Would you please restate the data exactly as it stands, apart from the pictures?

EXERCISE DATA:

• • •

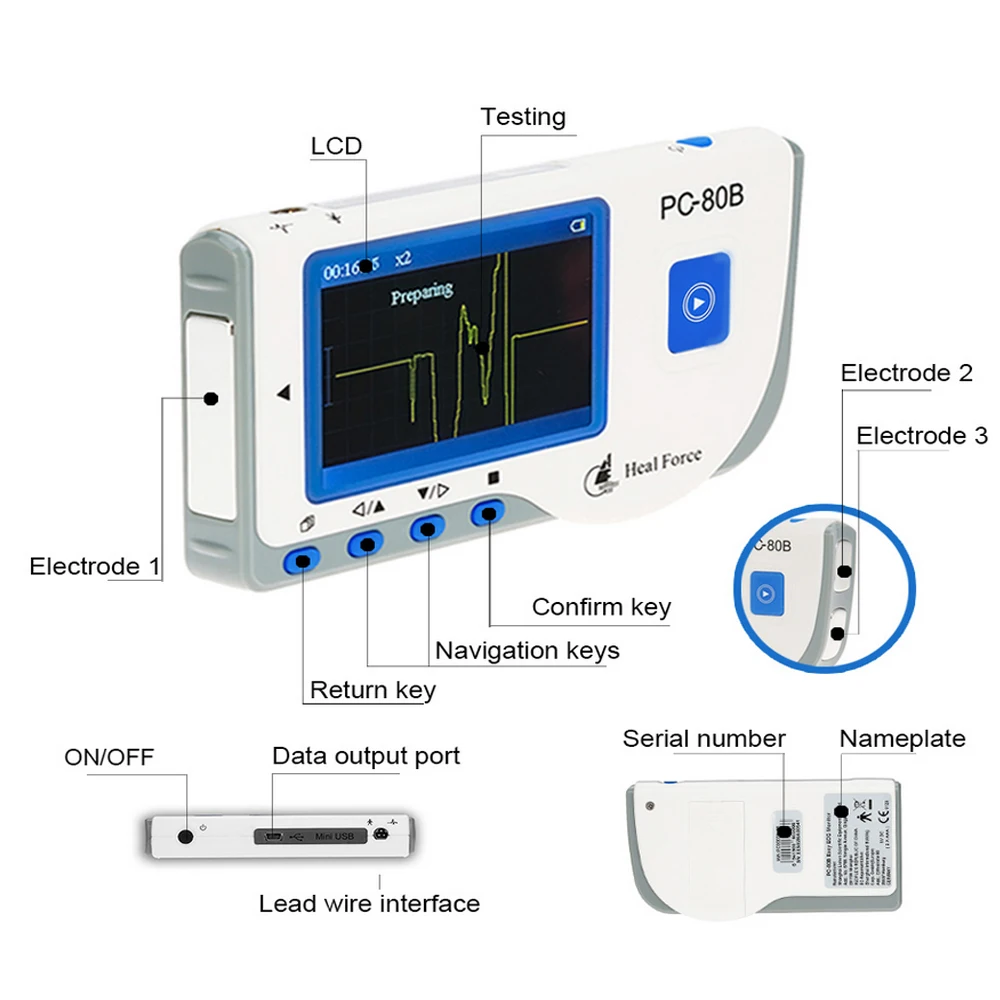 Heal Force PC 80B портативный домашний монитор ЭКГ одобренный CE|Артериальное давление| |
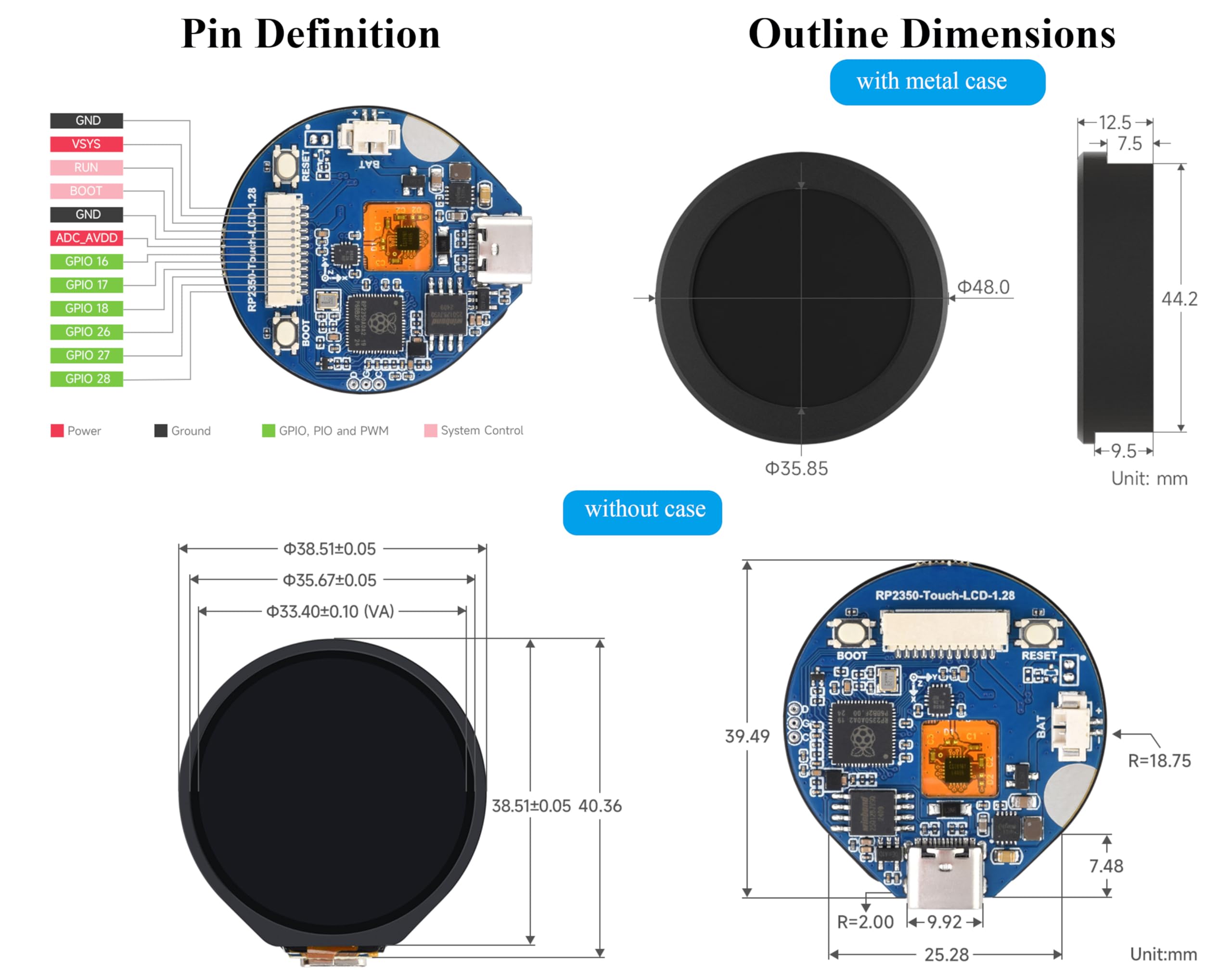 RP2040 Microcontroller Development Board, With 1.69inch Touch LCD, Dual-core Arm Processor, Accelerometer And Gyroscope - View #2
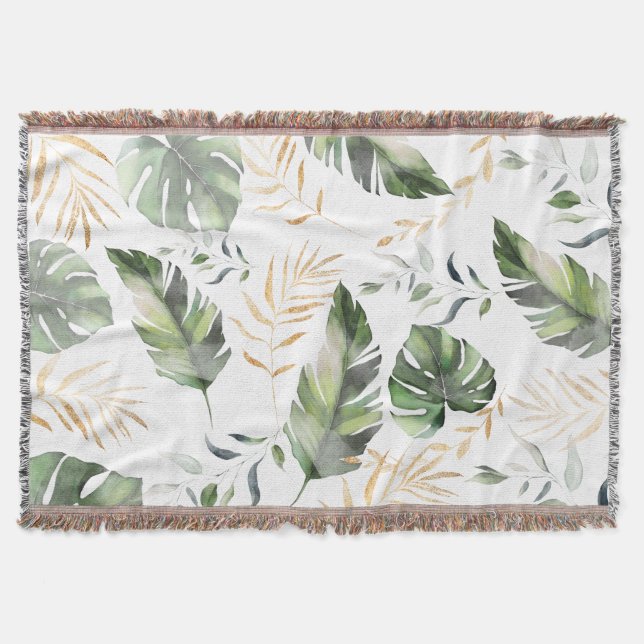Couverture Aquarelle Verdure Feuilles botaniques (Devant)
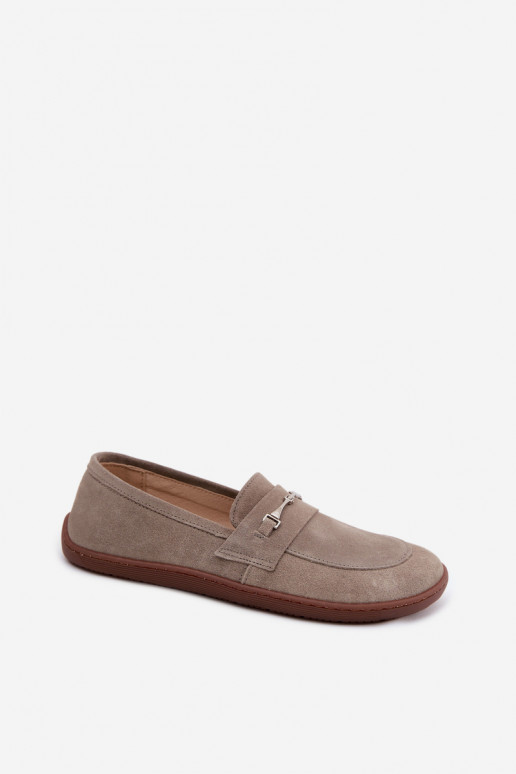 Kapučīna krāsas zamša mokasīni Barefoot Zazoo 322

• • •

WRITTEN RESPONSE:
 Heal Force PC 80B портативный домашний монитор ЭКГ одобренный CE|Артериальное давление| |
 RP2040 Microcontroller Development Board, With 1.69inch Touch LCD, Dual-core Arm Processor, Accelerometer And Gyroscope - View #2
Couverture Aquarelle Verdure Feuilles botaniques (Devant)
 Kapučīna krāsas zamša mokasīni Barefoot Zazoo 322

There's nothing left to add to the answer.